Body language. Eye contact. The subtle shift of a person leaning forward or shutting down. Those signals don’t show up in Zoom tiles.
What I’ve learned is simple: emotion is not optional. And you cannot outsource it to PowerPoint.
Selling is not just closing. It’s connecting.
When we talk about sales in the executive context, we’re not just referring to commercial deals.
We’re selling ideas. Visions. Priorities. We’re selling a story to the board. A direction to the team. A transformation to the regulators.
And in each of these scenarios, trust is the currency.
That trust isn’t built through technical detail. It’s built through emotional alignment. You don’t just win agreement, you win belief.

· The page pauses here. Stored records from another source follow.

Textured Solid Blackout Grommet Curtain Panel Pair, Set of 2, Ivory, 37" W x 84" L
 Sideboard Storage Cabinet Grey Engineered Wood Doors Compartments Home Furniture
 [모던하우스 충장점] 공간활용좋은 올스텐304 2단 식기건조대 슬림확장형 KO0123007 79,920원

How I learned this the hard way.
Years ago, I stood in front of a demanding American client. We were in the finals of a competitive tender. Our first offer had been mediocre. However, between then and the final pitch, we had quietly, thoroughly, and with a personal touch rebuilt the proposal.
When they asked why we’d changed, I didn’t default to the spreadsheet. I walked them through their own company’s values one letter at a time.
It wasn’t just about the offer. It was about showing them we had listened, that we had cared enough to go the extra mile.
That moment changed the room. They clapped. Not for the data. For the feeling.
Improvisation is not unprofessional. It’s human.
Some of the most impactful moments in my career weren’t scripted.
They came from reading the room and sensing tension, and shifting gears.
• Once, I wore jeans to a finalist pitch on purpose to match the client’s culture.
• Another time, in a heated mock town hall, I handed a symbolic laptop to the audience. It disarmed the room.
• And sometimes, the most powerful gesture is silence, stepping back and letting a teammate shine.
These moves aren’t about drama. They’re about presence. You don’t learn them in slides. You learn them in failure, recovery, and human interaction.
Emotion builds teams, not just outcomes.
This is not just about selling externally. It’s also about alignment internally.
You cannot impose trust. You earn it over time. In the way you show up, listen, and give others the stage.
The most successful all-hands I’ve led were never just about me. They were about letting others speak and letting emotion emerge from the room, not from the podium.
It’s not about pressure. It’s about readiness.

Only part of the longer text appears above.